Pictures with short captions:
---+---

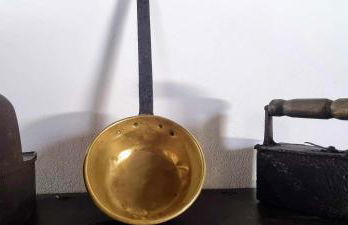 Casa Gerpe I - Playa San Antolín y Gulpiyuri - Foto 13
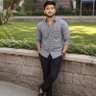 Arjun profil fotoğrafı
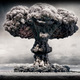 Atomic bomb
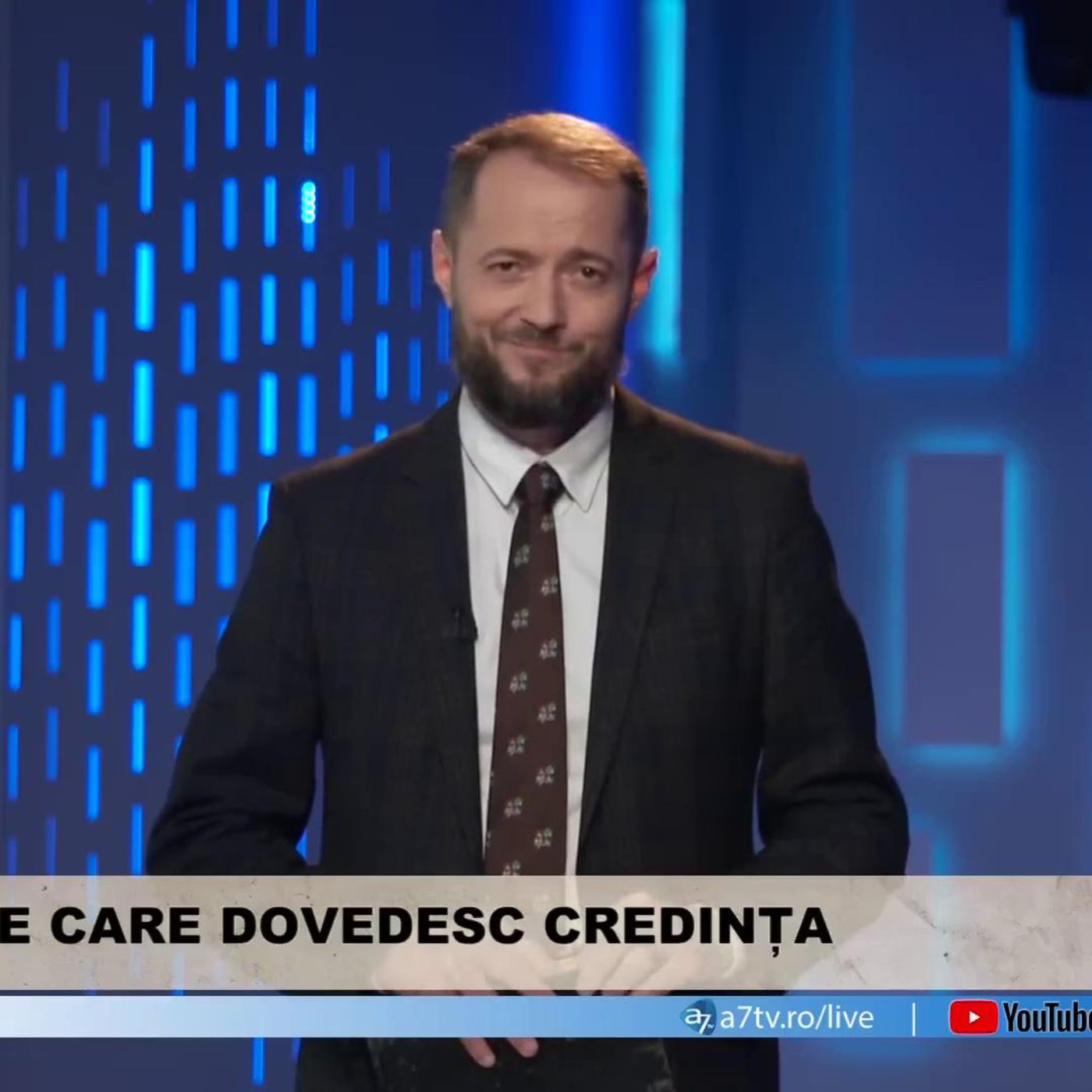 Ionică Herlea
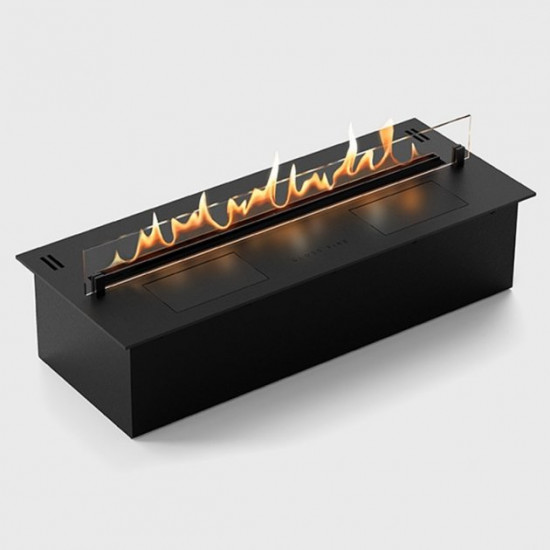 Автоматичний біокамін Dalex 700 Gloss Fire Автоматичний біокамін Dalex 700 Gloss Fire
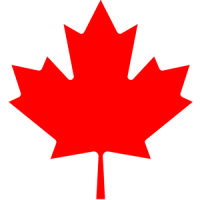 what is cdap and how to apply in North Vancouver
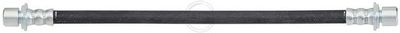 Brake Hose A.B.S. SL 6549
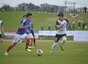 試合シーン21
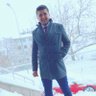 Murat Başar profil fotoğrafı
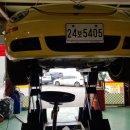 양주자동차정비공업사 이미지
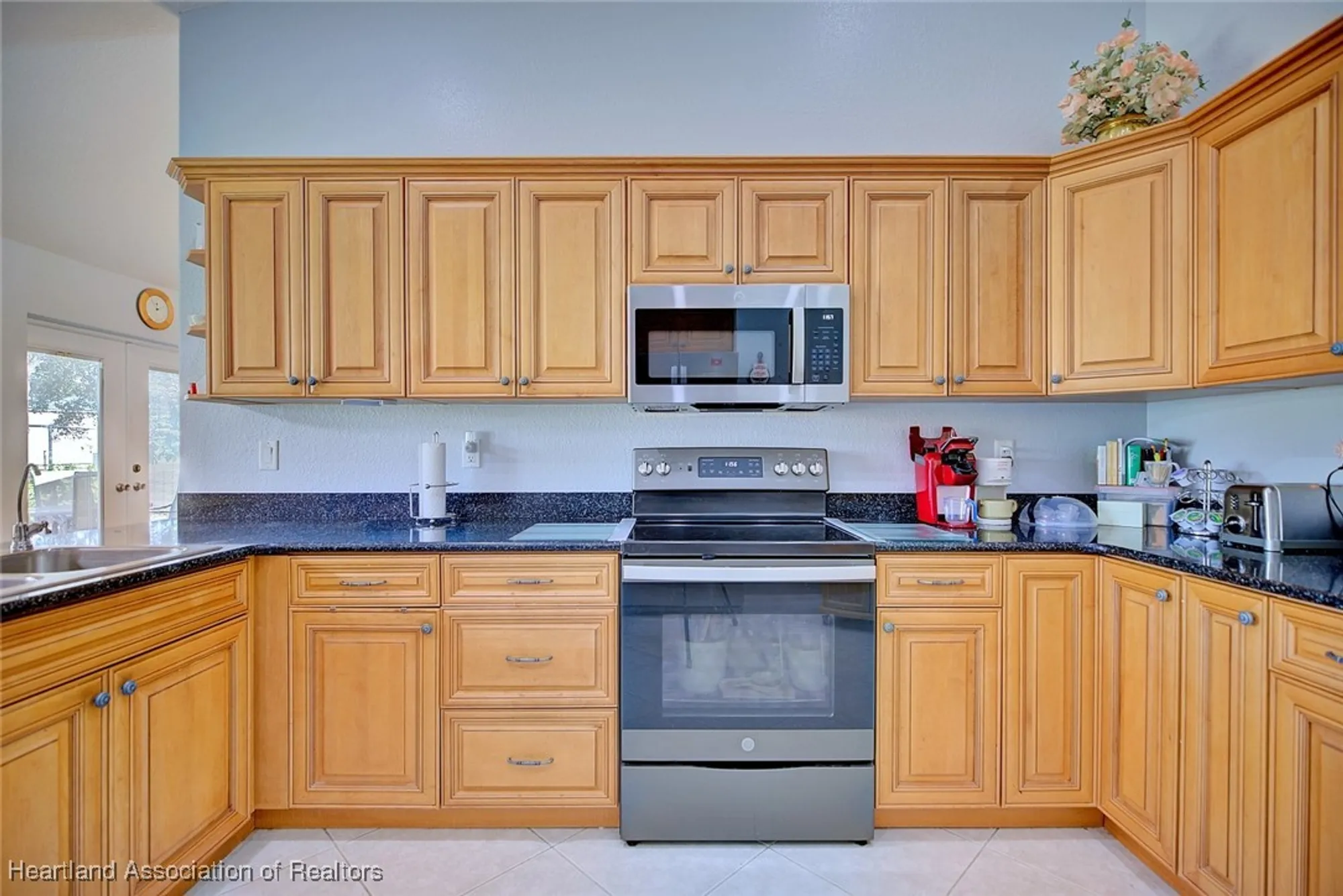 Property Slideshow image 19 of 45 | 61 grandview blvd, Lake Placid, FL, 33852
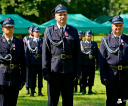 batch_P1090496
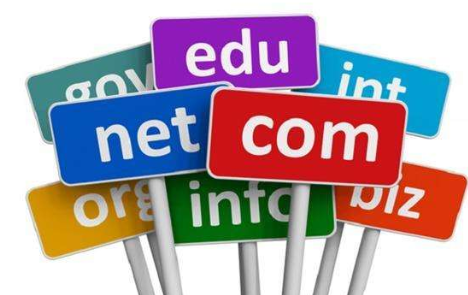 2-200116095P3542.png 2-200116095P3542.png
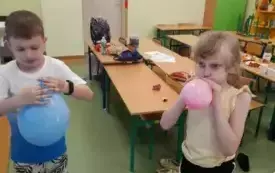 Piżama Party 12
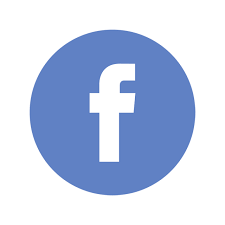 Facebook Icon Facebook Icons Wireless Printer Social Media Icons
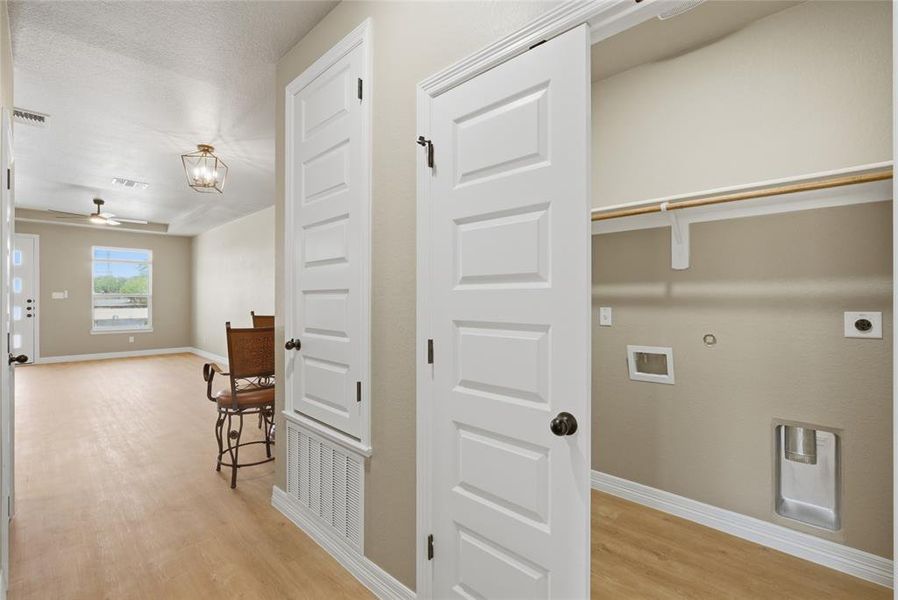 Image 34 of a home in .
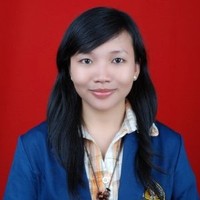Diah Kartika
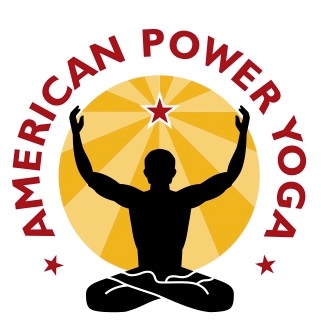 American Power Yoga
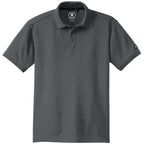 Diesel Grey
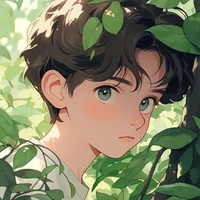 Cold Kinderclassmate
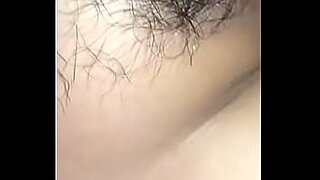 dark haired glasses wearing slut webcam bj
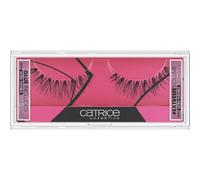 Catrice - Faux Cils Lash Couture InstaExtreme Volume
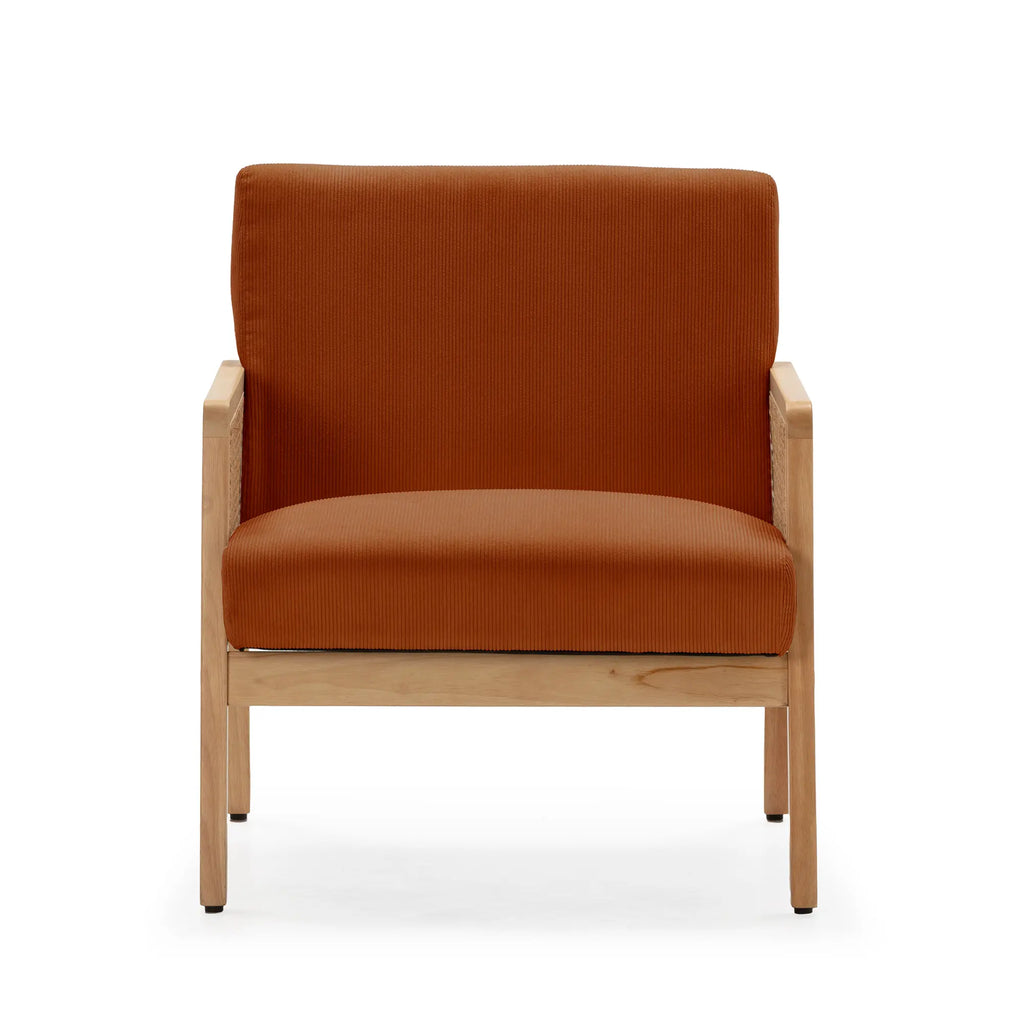 Sillón Debra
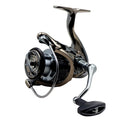 SW Metal Spinning Fishing Reel Line Cup High-density Metal Plating Thickening Wholesale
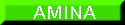 Amina_de_Monlau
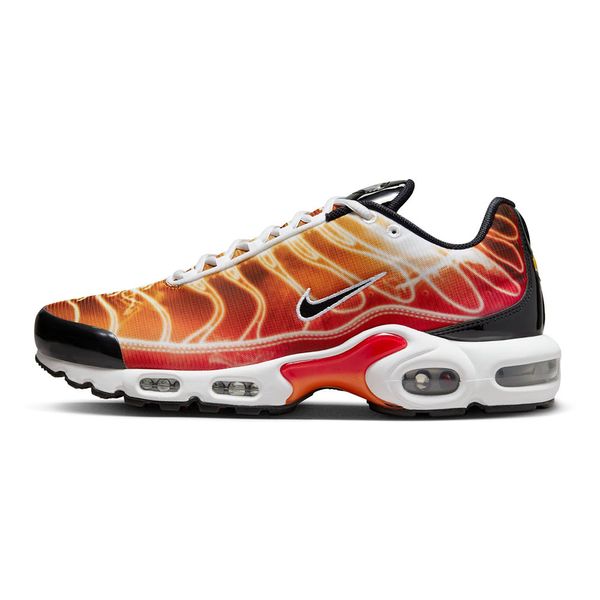 Tênis Nike Air Max Plus Masculino - 46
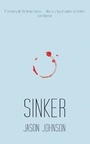 Cover: Sinker - Liberties Press Ltd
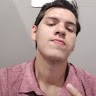JORDAN STEPHANO GONZALEZ DAVALOS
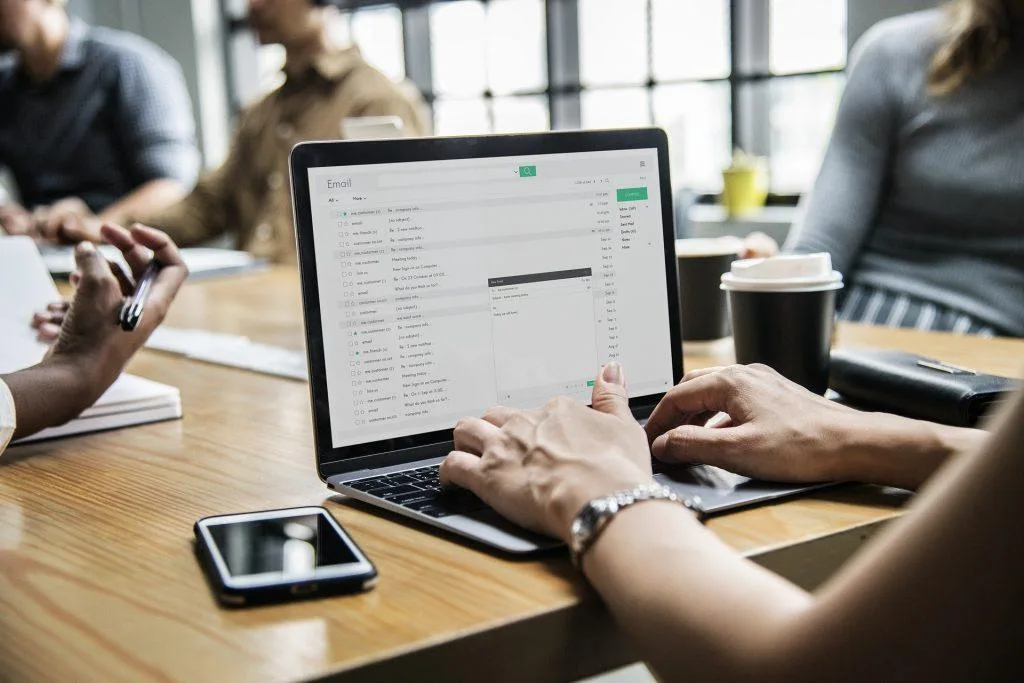 DPO Drive — Enhance Data Management Efficiency for Enterprises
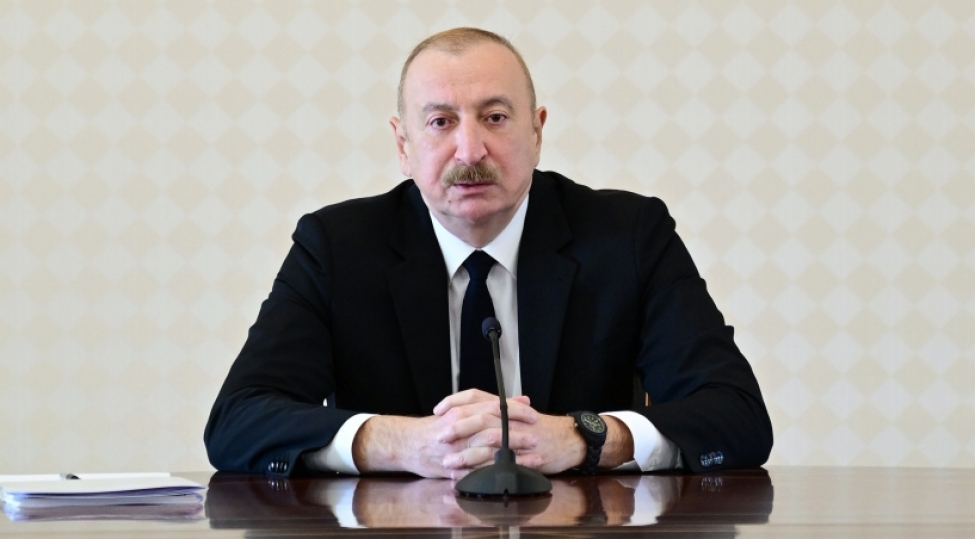 kend-teserrufatinin-inkishafi-ile-bagli-yeni-dovlet-proqrami-hazirlanib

---+---

- Task description
Lines from the one holding "Tênis Nike Air Max Plus Masculino - 46" down to the last line of the entries above must be retyped exactly, inclusive of both, with no pictures and nothing else.

- Reply to the exercise
 Tênis Nike Air Max Plus Masculino - 46
 Cover: Sinker - Liberties Press Ltd
JORDAN STEPHANO GONZALEZ DAVALOS
 DPO Drive — Enhance Data Management Efficiency for Enterprises
 kend-teserrufatinin-inkishafi-ile-bagli-yeni-dovlet-proqrami-hazirlanib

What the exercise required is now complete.